Suppose you have a machine whose 32 bit codewords looked like this:
One could use two alternative permutation techniques.
- The simplest is to permute the order of the meanings of the opcode field as shown in our previous example. The machine has 256 possible opcodes, so a 256 element permutation table would be needed. This allows 256! different possible unique designs of machine code.
- Alternatively one could permute or shuffle the bits in the whole instruction words. Since there are 32 bits, this would allow 32! factorial different codes.
Clearly the first alternative is much better. Each chip would have its unique permutation table stored in non-volatile memory, allowing the permutations to be loaded as a final manufacturing step on chips that were otherwise architecturally identical, and thus run unique machine codes on each of chips coming off the production line. One might allow a facility of field programmability of the permutation table.
Suppose that such chips were available and incorporated into PCs, tablets etc. For markets where there was no particular security problem one could use devices with a null permutation. These would run the native, unpermuted machine code supported by the hardware, but would run the risk of malware infestation.
Suppose the governments of countries B and C want to secure their government ecosystem against viruses, what do they need to do?
- Assume that they each settle upon a specific version of Linux for their machines. Country B uses Debian and Country C Ubuntu. Each country has a server for distributing approved copies of Linux to government machines.
- Each country maintains a secret database that associates with a identifier of every computer it uses a unique permutation table. The unique id can be conveniently calculated as a hash function of the permutation table.
- When the government in country C buys a new computer it sends the machine to a depot containing ServerC . Staff at this depot construct two files: a permutation table, and a boot disk image containing a permuted copy of Linux.
- The permutation table is burned into a ROM on the machine and the boot disk installed in the machine.
A binary to binary translator on the server would convert the raw public Linux software to a permuted version able run on a machine with a particular permuted instructionset.
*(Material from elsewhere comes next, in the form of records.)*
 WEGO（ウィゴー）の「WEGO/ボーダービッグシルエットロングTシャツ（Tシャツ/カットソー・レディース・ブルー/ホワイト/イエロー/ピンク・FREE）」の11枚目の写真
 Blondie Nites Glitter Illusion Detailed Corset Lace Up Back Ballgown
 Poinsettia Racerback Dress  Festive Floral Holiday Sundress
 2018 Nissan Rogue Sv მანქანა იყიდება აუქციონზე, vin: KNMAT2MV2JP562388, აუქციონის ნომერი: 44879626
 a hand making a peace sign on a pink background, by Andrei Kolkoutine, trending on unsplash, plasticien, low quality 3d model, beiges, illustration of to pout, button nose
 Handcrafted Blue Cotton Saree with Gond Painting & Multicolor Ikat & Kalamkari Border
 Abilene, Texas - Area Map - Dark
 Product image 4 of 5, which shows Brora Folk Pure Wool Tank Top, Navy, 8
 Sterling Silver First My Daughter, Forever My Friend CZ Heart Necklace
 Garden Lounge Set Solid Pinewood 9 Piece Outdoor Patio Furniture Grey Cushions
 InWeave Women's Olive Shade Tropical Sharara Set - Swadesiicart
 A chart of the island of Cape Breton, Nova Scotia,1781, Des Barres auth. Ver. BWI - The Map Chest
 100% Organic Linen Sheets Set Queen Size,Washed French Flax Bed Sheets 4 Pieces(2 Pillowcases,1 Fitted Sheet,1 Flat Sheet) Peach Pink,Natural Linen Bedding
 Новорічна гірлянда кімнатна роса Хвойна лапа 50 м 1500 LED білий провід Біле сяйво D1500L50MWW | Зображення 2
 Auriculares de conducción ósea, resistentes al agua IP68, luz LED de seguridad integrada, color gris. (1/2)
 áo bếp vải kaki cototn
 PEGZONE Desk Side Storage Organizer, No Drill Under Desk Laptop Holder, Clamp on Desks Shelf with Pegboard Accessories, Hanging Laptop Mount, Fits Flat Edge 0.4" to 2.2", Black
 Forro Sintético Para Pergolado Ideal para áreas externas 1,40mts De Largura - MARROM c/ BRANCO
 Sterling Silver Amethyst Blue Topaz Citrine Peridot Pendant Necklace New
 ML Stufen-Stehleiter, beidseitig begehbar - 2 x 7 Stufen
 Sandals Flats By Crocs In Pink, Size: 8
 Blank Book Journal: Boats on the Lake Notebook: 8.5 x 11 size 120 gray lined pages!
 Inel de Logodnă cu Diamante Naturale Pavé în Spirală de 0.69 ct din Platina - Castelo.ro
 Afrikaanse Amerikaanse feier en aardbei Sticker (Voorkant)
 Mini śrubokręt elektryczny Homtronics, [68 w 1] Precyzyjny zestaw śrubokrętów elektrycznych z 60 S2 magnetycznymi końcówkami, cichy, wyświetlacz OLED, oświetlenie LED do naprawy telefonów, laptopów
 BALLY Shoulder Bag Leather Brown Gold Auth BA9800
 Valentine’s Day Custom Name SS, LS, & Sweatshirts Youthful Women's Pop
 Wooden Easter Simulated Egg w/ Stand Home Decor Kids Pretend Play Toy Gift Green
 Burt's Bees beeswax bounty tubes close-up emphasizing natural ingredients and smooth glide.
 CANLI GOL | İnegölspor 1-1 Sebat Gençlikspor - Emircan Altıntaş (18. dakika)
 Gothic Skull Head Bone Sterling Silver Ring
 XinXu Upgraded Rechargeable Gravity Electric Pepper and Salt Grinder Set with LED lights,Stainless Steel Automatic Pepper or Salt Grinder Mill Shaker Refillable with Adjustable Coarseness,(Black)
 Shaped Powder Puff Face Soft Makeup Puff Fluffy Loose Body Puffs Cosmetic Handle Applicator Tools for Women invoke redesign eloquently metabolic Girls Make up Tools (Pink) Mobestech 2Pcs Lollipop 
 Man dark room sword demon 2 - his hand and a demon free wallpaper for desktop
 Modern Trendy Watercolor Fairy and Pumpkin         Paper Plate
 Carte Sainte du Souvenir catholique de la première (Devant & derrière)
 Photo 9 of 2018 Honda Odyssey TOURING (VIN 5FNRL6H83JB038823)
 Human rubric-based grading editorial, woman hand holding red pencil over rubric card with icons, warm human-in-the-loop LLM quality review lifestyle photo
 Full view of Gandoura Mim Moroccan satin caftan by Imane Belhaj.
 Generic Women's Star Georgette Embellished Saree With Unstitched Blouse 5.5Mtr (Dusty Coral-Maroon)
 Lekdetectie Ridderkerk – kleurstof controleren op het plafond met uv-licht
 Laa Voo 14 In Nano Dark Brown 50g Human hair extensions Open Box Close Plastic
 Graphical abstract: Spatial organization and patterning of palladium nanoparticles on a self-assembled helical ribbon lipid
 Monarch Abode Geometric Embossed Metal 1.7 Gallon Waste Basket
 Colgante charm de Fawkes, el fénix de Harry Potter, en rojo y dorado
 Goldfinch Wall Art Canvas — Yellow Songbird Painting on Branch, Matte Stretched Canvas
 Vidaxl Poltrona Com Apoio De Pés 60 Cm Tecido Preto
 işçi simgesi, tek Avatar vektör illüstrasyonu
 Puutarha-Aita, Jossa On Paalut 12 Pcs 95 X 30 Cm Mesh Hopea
A similar binary translation process would be used to provide periodic software upgrades. In this case it would be necessary for the client machine to send its unique identifier when requesting a software upgrade.
- ‘Species barriers’ prevent the spread of viruses among the machines of either country B or country C.
- Buffer overflow attacks launched from country A against either B or C will fail as the introduced malware would not be a valid programme and so would cause an immediate crash on visiting the malicious website in country A. To guard against buffer overflow attacks that could bring down the entire system, the communication stack will be implemented in hardware.
- Homeric attacks would only be possible if malware was introduced into the source code of the Linux images used by the servers in B and C. The governments would have to insist that software was only mounted on the servers whose source code was:
- Openly available
- Had been subjected to inspection to attempt to detect obfuscated malware. This route could not be completely closed, but the ease by which such homeric attacks could be carried out would be much less.
- Did not contain interpretive code. This is harder to ensure since so many contemporary Linux utilities depend on interpretive code. The consequence would be that the range of software supported on these machines would be strictly limited to a relatively small range of essential utilities.
- It is not difficult to envisage a similar schema being applied to a range of smart phones which could be distributed with an appropriate permuted operating system.